The pixel electrode PE is electrically connected to the switching element SW. Each pixel electrode PE faces the common electrode CE, and drives the liquid crystal layer LC1 (in particular, liquid crystal molecules LM) by the electric field generated between the pixel electrode PE and the common electrode CE. For example, capacitance CS is formed between an electrode having the same potential as the common electrode CE and an electrode having the same potential as the pixel electrode PE.

The scanning line G, the signal line S, the switching element SW and the pixel electrode PE are formed between the transparent substrate 110 and the liquid crystal layer LC1. The common electrode CE is formed between the transparent substrate 120 and the liquid crystal layer LC1.

An IC chip CP and a flexible printed circuit (not shown) are mounted on the transparent substrate 110.

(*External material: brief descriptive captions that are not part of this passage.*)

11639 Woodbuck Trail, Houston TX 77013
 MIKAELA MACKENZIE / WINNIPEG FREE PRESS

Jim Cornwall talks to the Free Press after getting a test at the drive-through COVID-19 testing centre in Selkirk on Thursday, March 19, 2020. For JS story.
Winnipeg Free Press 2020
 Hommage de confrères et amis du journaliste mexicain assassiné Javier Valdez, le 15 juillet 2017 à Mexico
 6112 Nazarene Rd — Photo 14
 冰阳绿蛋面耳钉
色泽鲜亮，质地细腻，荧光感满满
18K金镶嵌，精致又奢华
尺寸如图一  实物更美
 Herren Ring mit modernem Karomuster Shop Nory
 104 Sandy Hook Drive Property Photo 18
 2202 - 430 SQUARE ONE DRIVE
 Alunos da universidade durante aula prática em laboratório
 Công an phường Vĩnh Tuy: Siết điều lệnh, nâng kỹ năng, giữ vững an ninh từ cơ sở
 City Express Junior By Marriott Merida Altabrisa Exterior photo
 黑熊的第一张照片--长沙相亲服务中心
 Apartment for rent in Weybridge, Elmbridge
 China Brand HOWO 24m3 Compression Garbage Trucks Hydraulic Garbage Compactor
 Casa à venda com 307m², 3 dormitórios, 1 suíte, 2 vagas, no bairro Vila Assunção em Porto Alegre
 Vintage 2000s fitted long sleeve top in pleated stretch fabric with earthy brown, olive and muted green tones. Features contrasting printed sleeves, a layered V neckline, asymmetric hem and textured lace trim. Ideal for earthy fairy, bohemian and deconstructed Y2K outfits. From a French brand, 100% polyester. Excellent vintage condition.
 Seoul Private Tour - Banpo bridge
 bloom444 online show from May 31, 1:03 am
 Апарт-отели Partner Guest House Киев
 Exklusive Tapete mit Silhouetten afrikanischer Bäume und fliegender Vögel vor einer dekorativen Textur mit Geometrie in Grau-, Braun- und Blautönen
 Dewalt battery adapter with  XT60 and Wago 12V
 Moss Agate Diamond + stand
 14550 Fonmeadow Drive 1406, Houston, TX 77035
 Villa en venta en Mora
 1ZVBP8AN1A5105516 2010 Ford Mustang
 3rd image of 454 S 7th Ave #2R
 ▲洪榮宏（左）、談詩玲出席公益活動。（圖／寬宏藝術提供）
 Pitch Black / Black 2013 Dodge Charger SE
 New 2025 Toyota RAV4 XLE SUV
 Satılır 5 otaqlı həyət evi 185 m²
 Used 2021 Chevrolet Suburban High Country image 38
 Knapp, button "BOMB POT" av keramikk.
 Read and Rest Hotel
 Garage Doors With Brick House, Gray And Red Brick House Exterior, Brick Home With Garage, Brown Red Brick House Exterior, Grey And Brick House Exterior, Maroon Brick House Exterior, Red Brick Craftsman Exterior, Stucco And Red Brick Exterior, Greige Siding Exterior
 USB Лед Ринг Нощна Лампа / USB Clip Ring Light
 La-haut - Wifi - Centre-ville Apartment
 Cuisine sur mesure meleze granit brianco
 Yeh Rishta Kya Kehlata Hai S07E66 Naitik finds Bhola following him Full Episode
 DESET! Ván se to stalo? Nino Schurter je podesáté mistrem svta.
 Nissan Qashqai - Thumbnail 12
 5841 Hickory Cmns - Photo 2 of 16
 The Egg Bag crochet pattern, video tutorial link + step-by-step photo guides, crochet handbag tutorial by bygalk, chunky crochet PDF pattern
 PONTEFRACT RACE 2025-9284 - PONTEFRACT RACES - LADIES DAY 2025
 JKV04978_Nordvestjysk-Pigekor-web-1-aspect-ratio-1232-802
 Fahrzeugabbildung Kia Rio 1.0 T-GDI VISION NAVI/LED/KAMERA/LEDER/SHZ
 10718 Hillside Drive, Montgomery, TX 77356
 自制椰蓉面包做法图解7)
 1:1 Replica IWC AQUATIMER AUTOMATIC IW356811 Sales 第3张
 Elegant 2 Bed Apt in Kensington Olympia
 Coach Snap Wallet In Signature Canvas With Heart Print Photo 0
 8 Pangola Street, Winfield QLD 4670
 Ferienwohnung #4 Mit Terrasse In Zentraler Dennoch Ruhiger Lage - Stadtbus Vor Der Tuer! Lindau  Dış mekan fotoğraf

The light source unit 200 is configured to emit illumination light with which the liquid crystal layer LC1 is illuminated. The light source unit 200 comprises a plurality of light emitting elements LD arranged at intervals in the first direction X.

FIG. 3 is a cross-sectional view schematically showing a configuration example of the display panel 100 shown in FIG. 2.

In the display panel 100, the illustrations of the scanning line, signal line, switching element, insulating films, etc., described above are omitted.

The transparent substrate 110 and the transparent substrate 120 face each other in the third direction Z. The liquid crystal layer LC1 is located between the transparent substrate 110 and the transparent substrate 120. The pixel electrode PE of each pixel PX is located between the transparent substrate 110 and the liquid crystal layer LC1 and is covered with the alignment film AL1. The common electrode CE facing the pixel electrodes PE is located between the transparent substrate 120 and the liquid crystal layer LC1 and is covered with the alignment film AL2. The liquid crystal layer LC1 is in contact with the alignment film AL1 and the alignment film AL2. Each of the pixel electrodes PE and the common electrode CE is, for example, a transparent electrode formed of a transparent conductive material such as indium tin oxide (ITO).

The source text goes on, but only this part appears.